The action is implemented in Python and can be consumed from other repositories.

Secrets

Authentication and billing context are supplied through repository secrets so they never appear in workflow files or logs:

Secret	Maps to input	Required	Purpose
`DATALAYER_API_KEY`	`api-key`	✅ Required	Authenticates every call the action makes to Datalayer.
`DATALAYER_BILLABLE_ACCOUNT_UID`	`billable-account-uid`	Optional	Billable account context used for eval operations and any optional runtime creation.

Reference them in the consumer workflow:

with:
  api-key: ${{ secrets.DATALAYER_API_KEY }}
  billable-account-uid: ${{ secrets.DATALAYER_BILLABLE_ACCOUNT_UID }}

To make the billable account optional at dispatch time while still defaulting to the secret, use the || fallback:

  billable-account-uid: ${{ inputs.billable_account_uid || secrets.DATALAYER_BILLABLE_ACCOUNT_UID }}

Report Upload

When upload-report-artifacts is true (the default), the action uploads the generated markdown and CSV reports (plus the structured .log JSON and any timestamped/secondary/comparison files) as a build artifact in a final step — no extra upload step is required in the consumer workflow.

Inputs

evalset-id: required, target evalset UID
evalset-spec-file: optional, path to primary evalset spec JSON; action creates evalset and reports it
secondary-evalset-id: optional, secondary evalset UID
secondary-evalset-spec-file: optional, path to secondary evalset spec JSON
api-key: required, Datalayer API key
ai-agents-url: optional, override API URL
billable-account-uid: optional, billable account UID context for eval operations and optional runtime creation

When billable-account-uid is omitted (or empty), the action does not force a billing override and calls run in the default account context for the API key.

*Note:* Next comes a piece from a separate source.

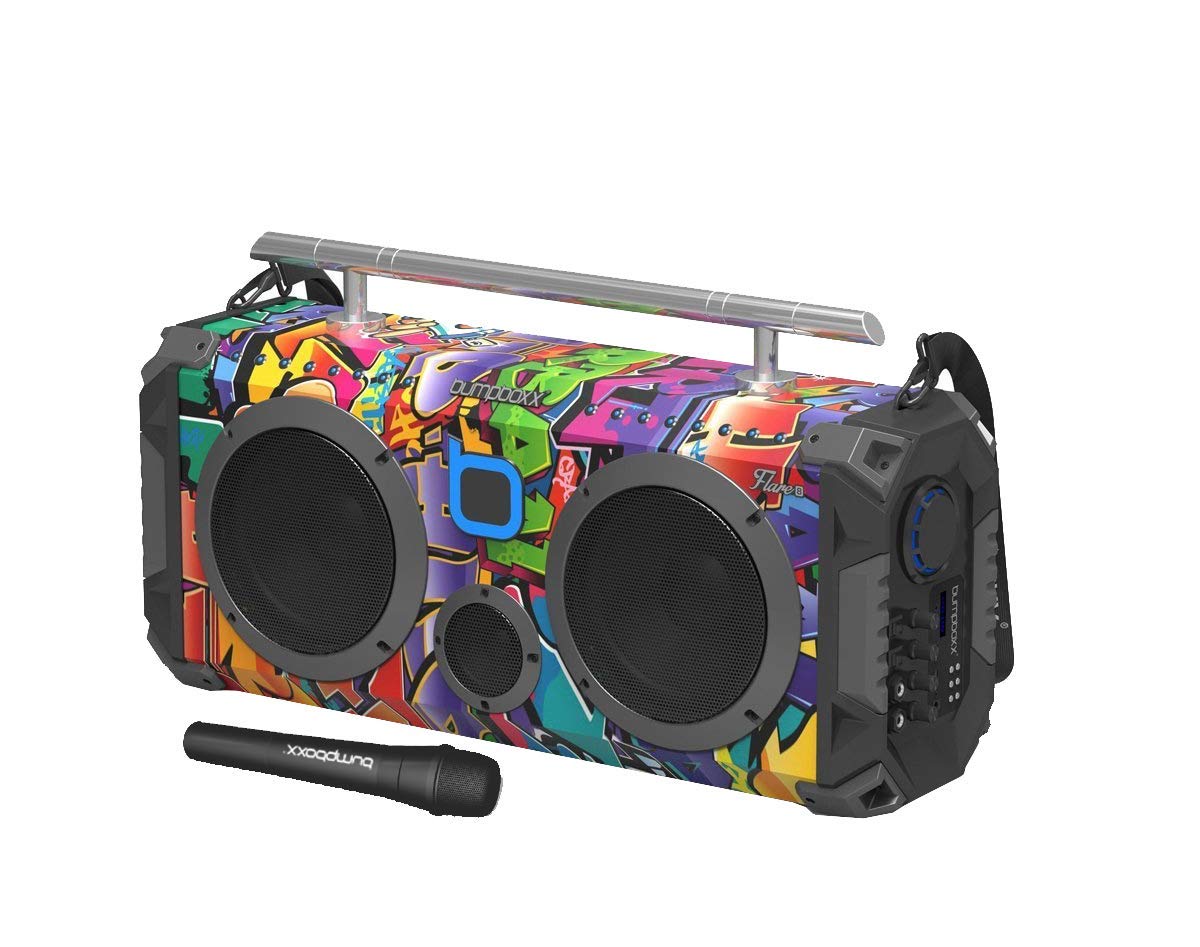 Bumpboxx Bluetooth Portable Speaker Boombox Flare8 NYC Graffiti | Retro Boombox with Bluetooth Speaker | Rechargeable Lithium Battery | Includes Wireless Microphone Carrying Strap & Remote Control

run-limit: optional, default 50
output-markdown: optional, default evals-report.md
secondary-output-markdown: optional, output file for secondary report
comparison-summary-output: optional, output file for secondary-vs-primary summary
export-csv: optional, default true
upload-report-artifacts: optional, default true; uploads generated markdown/csv/log artifacts in a final step
report-artifact-name: optional, default datalayer-evals-reports
iam-url: optional, IAM URL override used when creating the optional agent runtime
runtimes-url: optional, Runtimes URL override used when creating the optional agent runtime
agentspec-id: optional, create an agent runtime before reporting using this spec id (default example-simple)
agentspec-ids: optional, comma-separated list of spec ids for multi-runtime bootstrap before reporting
agentspec: optional, URL or local file path to YAML/JSON agent spec; mutually exclusive with agentspec-id
agent-environment-name: optional, default ai-agents-env
agent-given-name: optional runtime name for the created agent runtime
agent-time-reservation: optional runtime reservation in minutes, default 10

When the action creates a runtime via agentspec-id or agentspec, it automatically tears the runtime down after report generation (including early-exit paths).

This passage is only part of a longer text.